Kieran (business owner)
Kieran was built like a prop forward. He owns Little Bikes, a motorcycle rental company renting everything from scooters, the Southeast Asia staple mode of motorised transport, to large road bikes and Japanese enduro machines. I usually rented a bike off of him by the month. He gave me a good deal. His head was always shaved and when at work wandered about in shorts and bare feet. I’m not sure how long he’d been in Phnom Penh, but it was a quite a while. He’s a great font of knowledge, and knew lots of stuff about what was going on. He had many tales of expats and in some cases, their demise. Like the French drug dealer and heroin addict, who rented a bike from him. With the police closing in on him and not the money to buy his way out of trouble, he had taken what he presumed the option open to him, he had committed suicide.

He’d had plenty of insights into the locals and in dealing with the local police. He knew lots about the expats about town too. If I needed advice about what to do in some tricky situation he’d be one of the people I turn to. When I first met Kieran his shop was on Street 13, near the Friends Restaurant. Most of his bikes were out on long-term rentals, and scattered across the country. Kiwi Paul first introduced me to Kieran back in 2010. At that time he also ran a bar on Street 172 around the corner from his bike rental business. Most bars in Phnom Penh don’t make any money, and Kieran’s was no exception. He soon got out of the bar business. Aside from making very little money, running a bar means being tied to the place, putting up with staff hassles and listening to drunk customers talking shit until 2am. To fill in time, Kieran had occupied himself with one of the barmaids, getting her pregnant. This went down like a cup of cold sick with his wife, with whom he also had children. If I was ever threatened or had whisper of any unwanted police attention, Kieran would one of the first I’d turn to for advice. He’s had practice at dealing with the intricacies of Cambodian law enforcement. One of his clients, a Frenchman, was arrested for possession and dealing. Apparently he went about with the drugs concealed in the petrol tank. So the police confiscated the bike and demanded a “fee” of $1,000 for its return. Kieran said the bike was his, and as the legitimate owner he wanted it returned. In the end he bargained them down to $400 – this to get his own property back.

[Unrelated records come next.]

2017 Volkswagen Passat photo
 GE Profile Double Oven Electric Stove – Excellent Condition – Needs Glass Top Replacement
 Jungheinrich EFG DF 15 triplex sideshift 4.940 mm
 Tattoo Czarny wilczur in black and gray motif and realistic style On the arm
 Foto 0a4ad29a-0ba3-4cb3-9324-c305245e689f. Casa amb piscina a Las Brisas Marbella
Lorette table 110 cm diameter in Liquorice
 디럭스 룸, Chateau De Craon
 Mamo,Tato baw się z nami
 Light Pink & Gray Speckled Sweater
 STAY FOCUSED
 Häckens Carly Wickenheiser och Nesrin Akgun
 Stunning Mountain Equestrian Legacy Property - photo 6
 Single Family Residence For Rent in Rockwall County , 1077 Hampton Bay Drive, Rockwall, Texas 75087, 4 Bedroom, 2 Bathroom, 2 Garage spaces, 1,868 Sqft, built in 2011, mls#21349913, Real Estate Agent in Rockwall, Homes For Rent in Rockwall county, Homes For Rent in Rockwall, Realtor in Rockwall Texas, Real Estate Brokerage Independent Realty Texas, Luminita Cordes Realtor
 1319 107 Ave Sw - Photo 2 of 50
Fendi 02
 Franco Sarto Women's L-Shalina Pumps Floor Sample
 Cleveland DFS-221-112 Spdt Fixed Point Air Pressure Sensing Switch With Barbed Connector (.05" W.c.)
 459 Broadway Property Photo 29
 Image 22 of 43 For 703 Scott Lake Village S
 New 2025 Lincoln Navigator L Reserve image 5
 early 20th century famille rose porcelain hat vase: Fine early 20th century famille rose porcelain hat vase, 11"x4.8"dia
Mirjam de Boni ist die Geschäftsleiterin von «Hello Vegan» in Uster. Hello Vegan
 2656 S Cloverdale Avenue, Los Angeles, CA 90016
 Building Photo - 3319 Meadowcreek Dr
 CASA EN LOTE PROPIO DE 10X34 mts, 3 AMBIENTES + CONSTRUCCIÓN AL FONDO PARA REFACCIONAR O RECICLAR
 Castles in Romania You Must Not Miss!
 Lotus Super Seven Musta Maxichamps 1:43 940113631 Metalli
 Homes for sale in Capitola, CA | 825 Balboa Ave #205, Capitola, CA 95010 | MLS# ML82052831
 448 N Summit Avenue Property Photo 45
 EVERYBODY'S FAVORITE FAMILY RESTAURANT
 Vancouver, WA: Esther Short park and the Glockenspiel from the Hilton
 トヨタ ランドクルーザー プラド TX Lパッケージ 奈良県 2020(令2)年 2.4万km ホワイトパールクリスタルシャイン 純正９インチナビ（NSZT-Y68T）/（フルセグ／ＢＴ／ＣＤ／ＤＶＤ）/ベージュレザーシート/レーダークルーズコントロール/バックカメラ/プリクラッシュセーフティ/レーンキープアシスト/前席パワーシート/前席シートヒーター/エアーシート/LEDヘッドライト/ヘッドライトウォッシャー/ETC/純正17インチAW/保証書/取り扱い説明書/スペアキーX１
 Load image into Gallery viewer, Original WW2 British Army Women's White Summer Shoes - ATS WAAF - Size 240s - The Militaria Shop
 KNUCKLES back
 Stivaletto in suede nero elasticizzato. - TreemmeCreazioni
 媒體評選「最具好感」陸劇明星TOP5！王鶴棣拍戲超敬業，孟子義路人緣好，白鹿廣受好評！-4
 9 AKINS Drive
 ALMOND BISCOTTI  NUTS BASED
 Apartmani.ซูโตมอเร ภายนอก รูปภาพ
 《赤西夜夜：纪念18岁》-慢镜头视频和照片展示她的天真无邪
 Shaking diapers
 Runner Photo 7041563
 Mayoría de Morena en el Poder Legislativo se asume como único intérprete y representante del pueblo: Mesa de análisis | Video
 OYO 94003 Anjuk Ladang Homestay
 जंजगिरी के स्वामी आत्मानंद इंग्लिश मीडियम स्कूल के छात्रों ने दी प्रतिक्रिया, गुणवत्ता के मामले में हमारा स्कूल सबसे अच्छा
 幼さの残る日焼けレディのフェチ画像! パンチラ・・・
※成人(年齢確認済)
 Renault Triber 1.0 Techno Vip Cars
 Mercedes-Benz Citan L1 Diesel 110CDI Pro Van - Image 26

Last time I spoke to him he had bought a lease on some land across the river from Phnom Penh, at Arey Ksat. Leases are available to foreigners for 99-years. A block layer by trade, he was planning on building his own house. Land there is still relatively cheap. Though there’s a regular ferry service, the river puts off many visitors and would-be buyers. Though like many things in Cambodia, this is changing with more foreigners moving there.